#### Exercise objective
Every entry below should be printed exactly, without its images.

#### Data
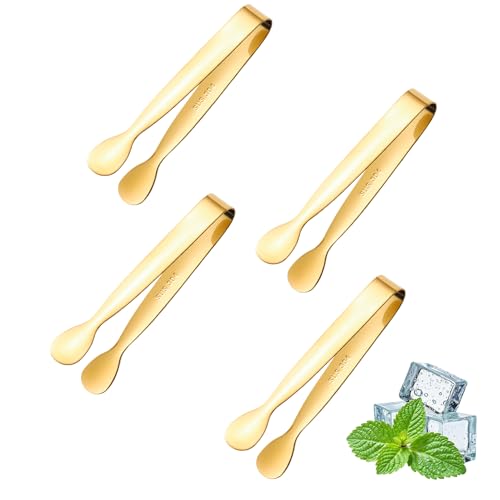 4 Stück Zuckerzange Edelstahl Zangen Candybar Mini Eiszange für Eiswürfel und Candybar Servierzange für Dessert und Buffet Kleine Zange für Zuckerwürfel Eiswürfelzange für Bar Picknick & Party(Gold)
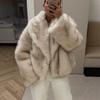 Ins style autumn and winter imitation fur jacket women's fashion green fruit collar fox fur jacket short plush jacket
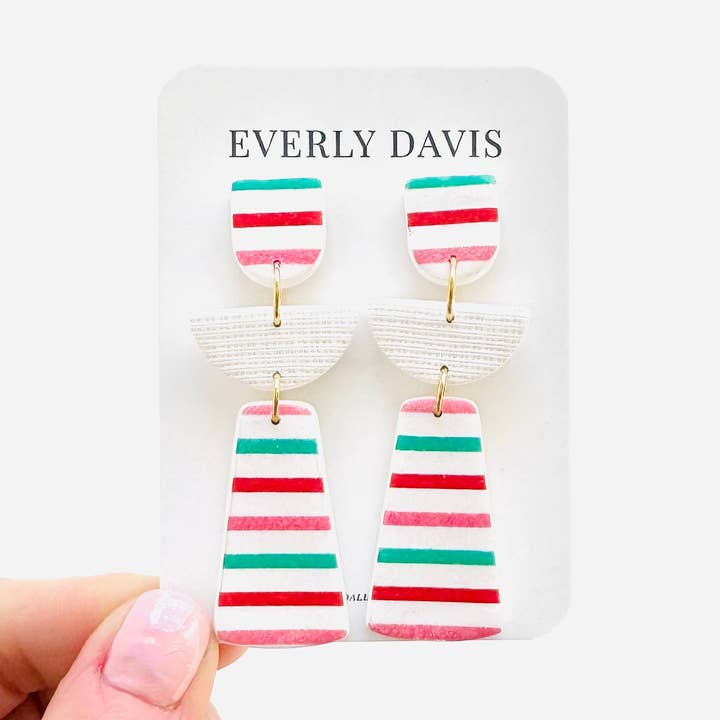 Brincos Gracie com Riscas por atacado de Everly Davis Co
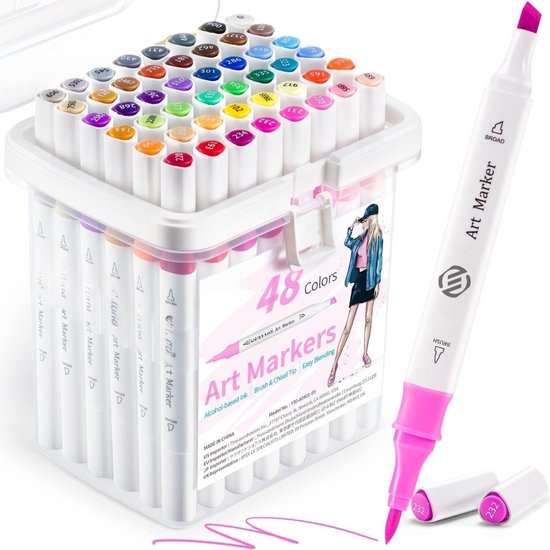 Equivera Twinmarkers Alcohol – Twinmarkers Alcohol – Alcohol Markers – Markeerstiften – Professionele Alcohol Markers – Markers – Kleurstiften – Dual-Tip Markers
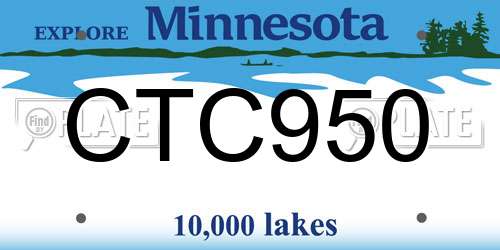 CTC950 Minnesota License Plate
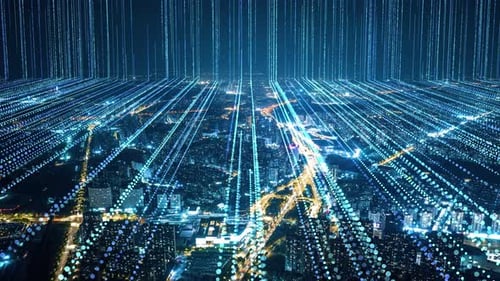 smart Connected city skyline. Futuristic network concept, city Technology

#### Exercise output
 4 Stück Zuckerzange Edelstahl Zangen Candybar Mini Eiszange für Eiswürfel und Candybar Servierzange für Dessert und Buffet Kleine Zange für Zuckerwürfel Eiswürfelzange für Bar Picknick & Party(Gold)
 Ins style autumn and winter imitation fur jacket women's fashion green fruit collar fox fur jacket short plush jacket
 Brincos Gracie com Riscas por atacado de Everly Davis Co
 Equivera Twinmarkers Alcohol – Twinmarkers Alcohol – Alcohol Markers – Markeerstiften – Professionele Alcohol Markers – Markers – Kleurstiften – Dual-Tip Markers
 CTC950 Minnesota License Plate
 smart Connected city skyline. Futuristic network concept, city Technology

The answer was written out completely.